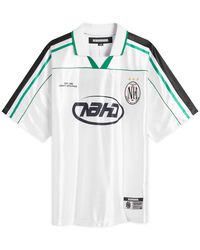 Neighborhood - Game Shirt - Lyst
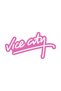 12x6.5 Cm Vice City Sticker Car Laptop Auto Motor Sticker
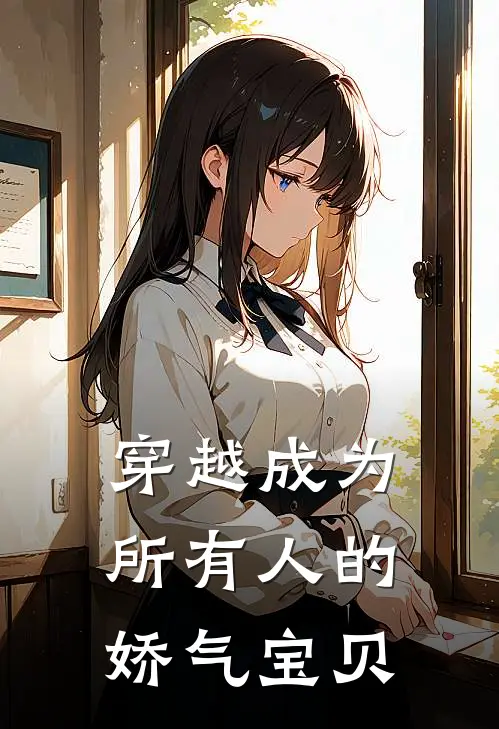 穿越成为所有人的娇气宝贝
....
Your assignment: Drop the pictures and copy the data exactly.

Response for this exercise:
 Neighborhood - Game Shirt - Lyst
 12x6.5 Cm Vice City Sticker Car Laptop Auto Motor Sticker
 穿越成为所有人的娇气宝贝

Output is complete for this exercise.